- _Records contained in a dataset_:
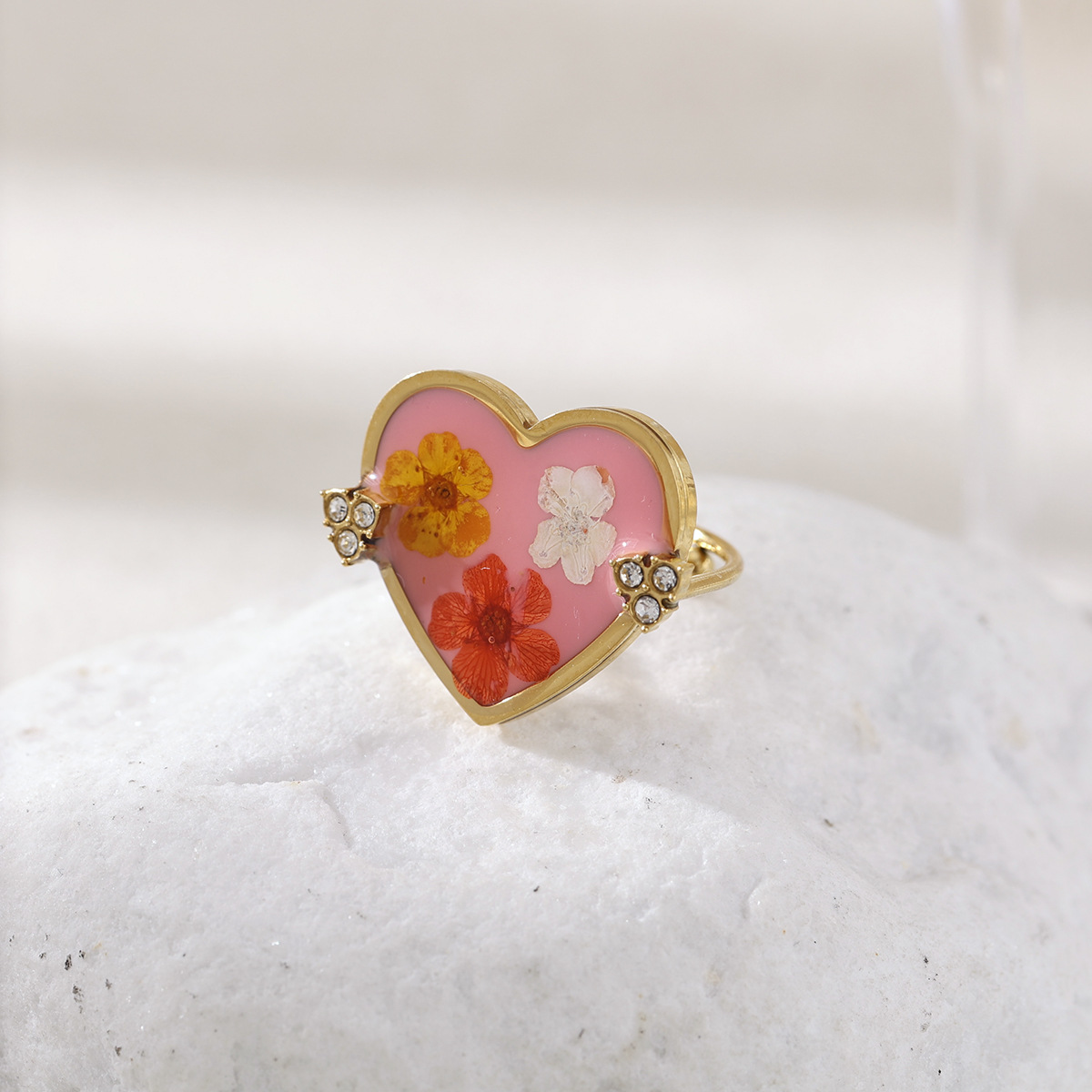 Alta Europa y América de acero inoxidable moda exagerada flores hechas a mano amor anillo de acero de titanio al por mayor joyería de venta caliente transfronteriza
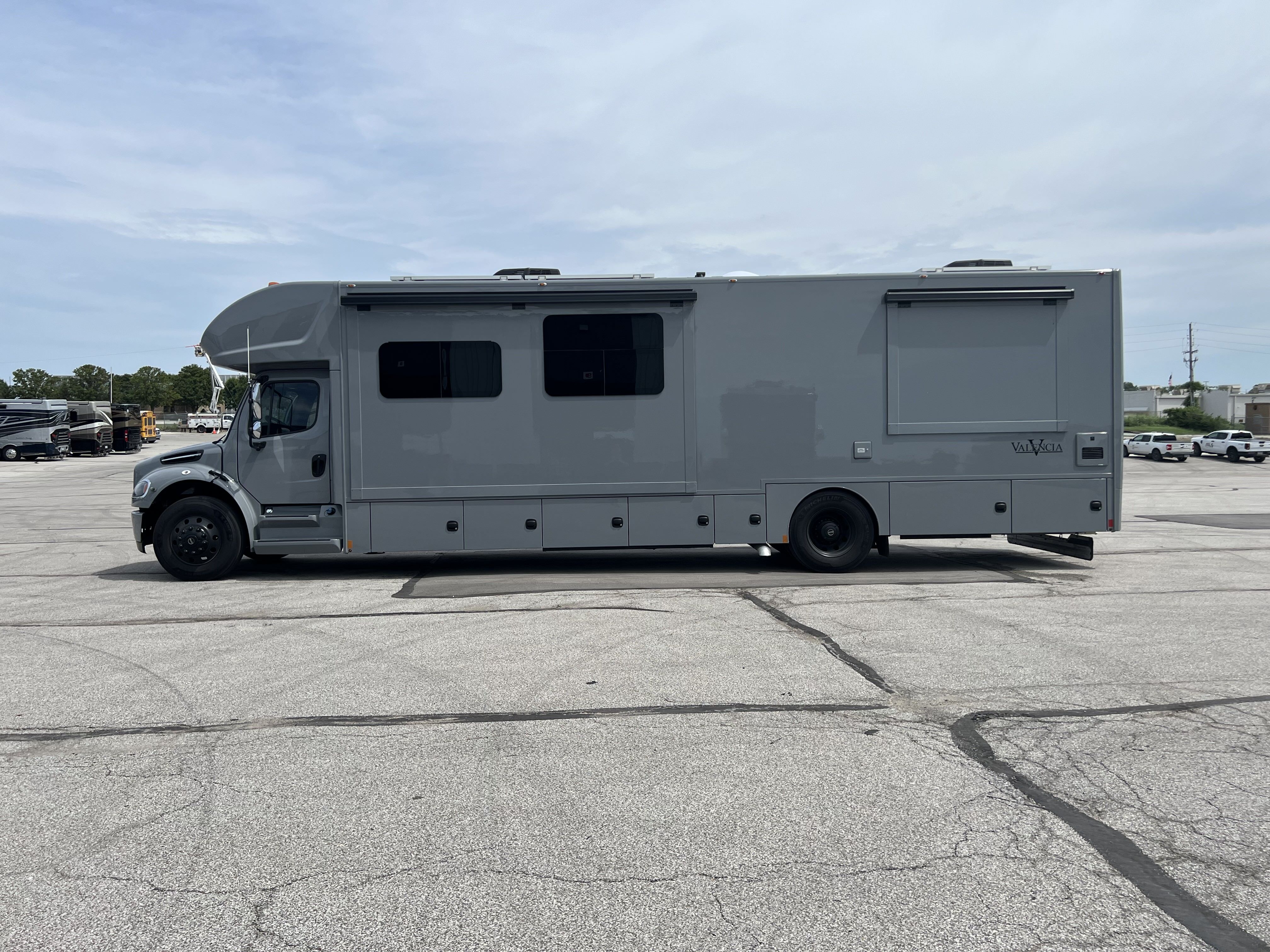 2027 Renegade Valencia 39FW in belton MO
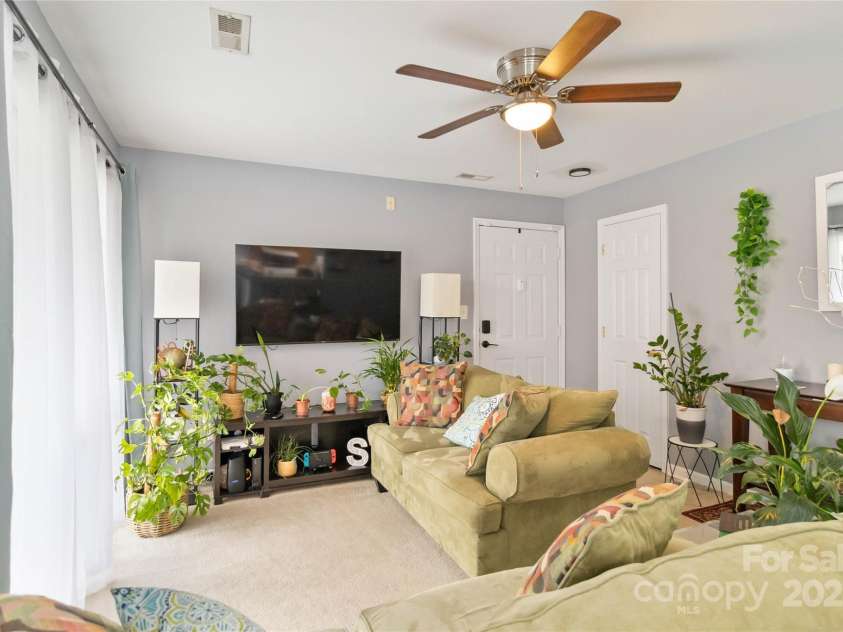 1108 Plaza Walk Drive, Charlotte, NC 28215.  MLS# CAR4267997, YatesRealty ID 26165. 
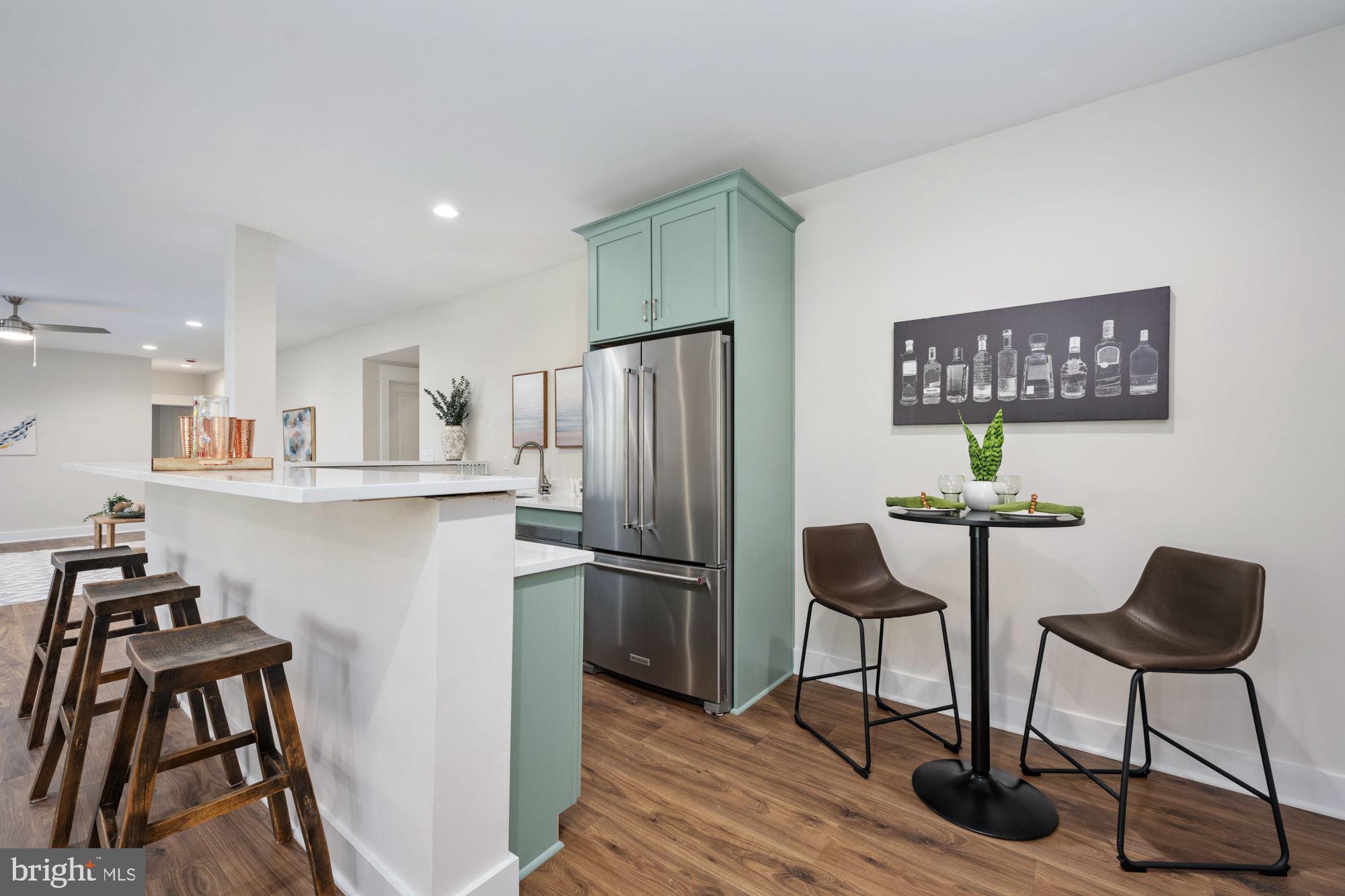 NOAHS LANDING - Residential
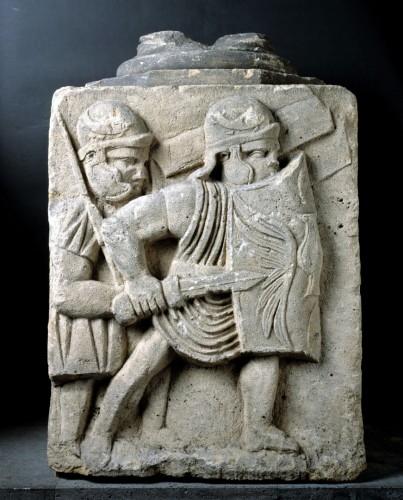 Kämpfende Legionäre, Mainz, Kästrich (ehemals in der römischen Stadtmauer verbaut), 2. Hälfte des 1. Jahrhunderts n. Chr., Jurakalkstein aus Lothringen. Zu den bekanntesten Römerfunden des Landesmuseums Mainz gehört diese Säulenbasis mit der Darstellung kämpfender Legionäre. Foto: GDKE / Ursula Rudischer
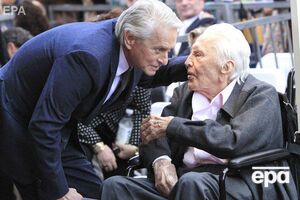 Кірк Дуглас не згадав Майкла Дугласа у своєму заповіті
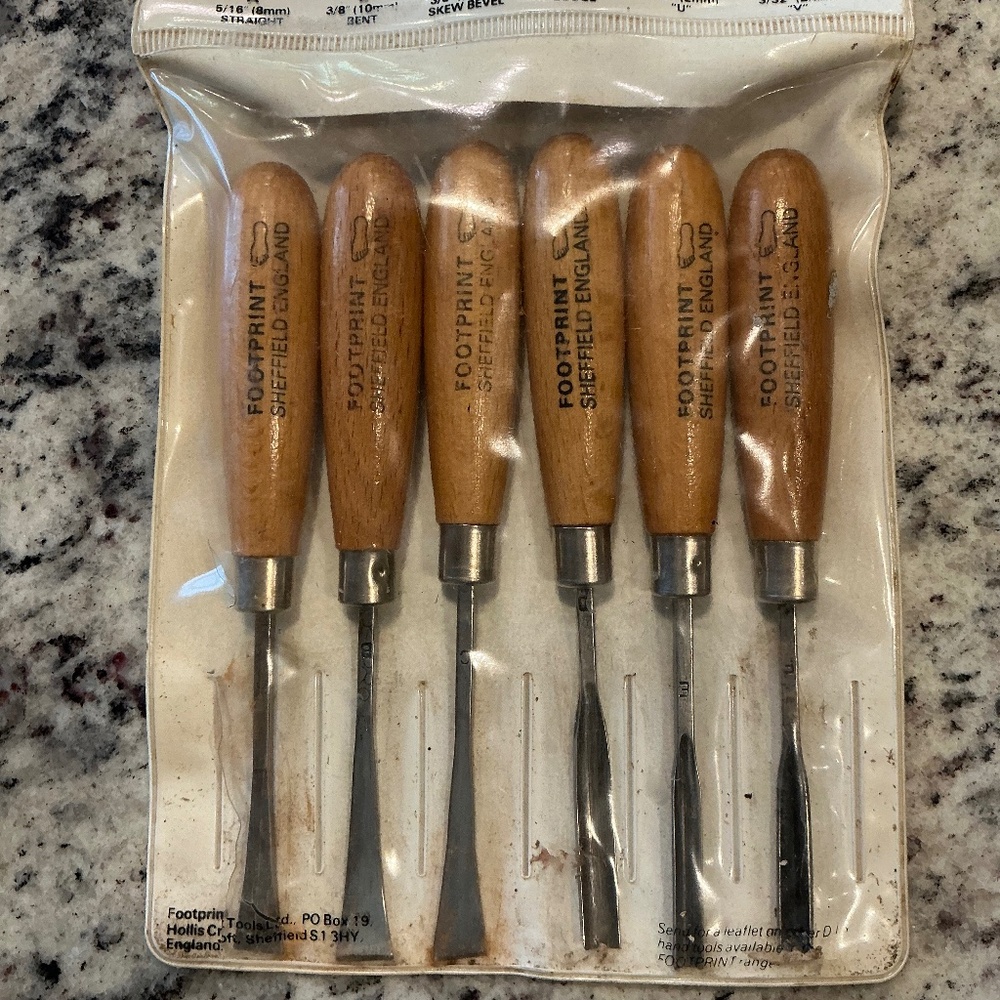 FOOTPRINT CARVING TOOL SET JEU D'OUTILS A SCULPTER NO.30 PRE-OWNED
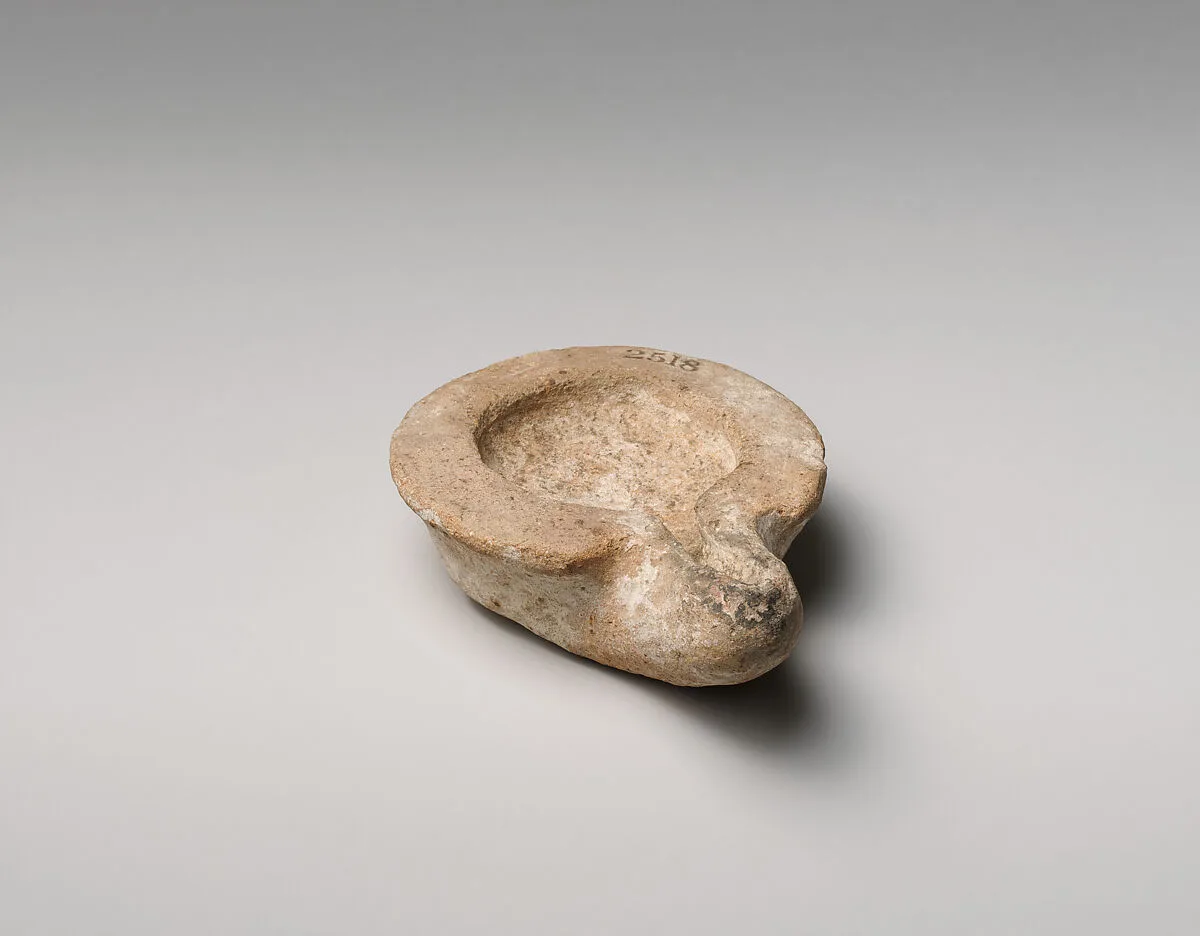 Terracotta saucer-shaped lamp — Unknown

- _Required work_: Using the data above, print only the lines starting at the one with "1108 Plaza Walk" and ending at the one with "NOAHS LANDING - Residential", exactly as they stand, minus the pictures.

- _Expected output_:
 1108 Plaza Walk Drive, Charlotte, NC 28215.  MLS# CAR4267997, YatesRealty ID 26165. 
 NOAHS LANDING - Residential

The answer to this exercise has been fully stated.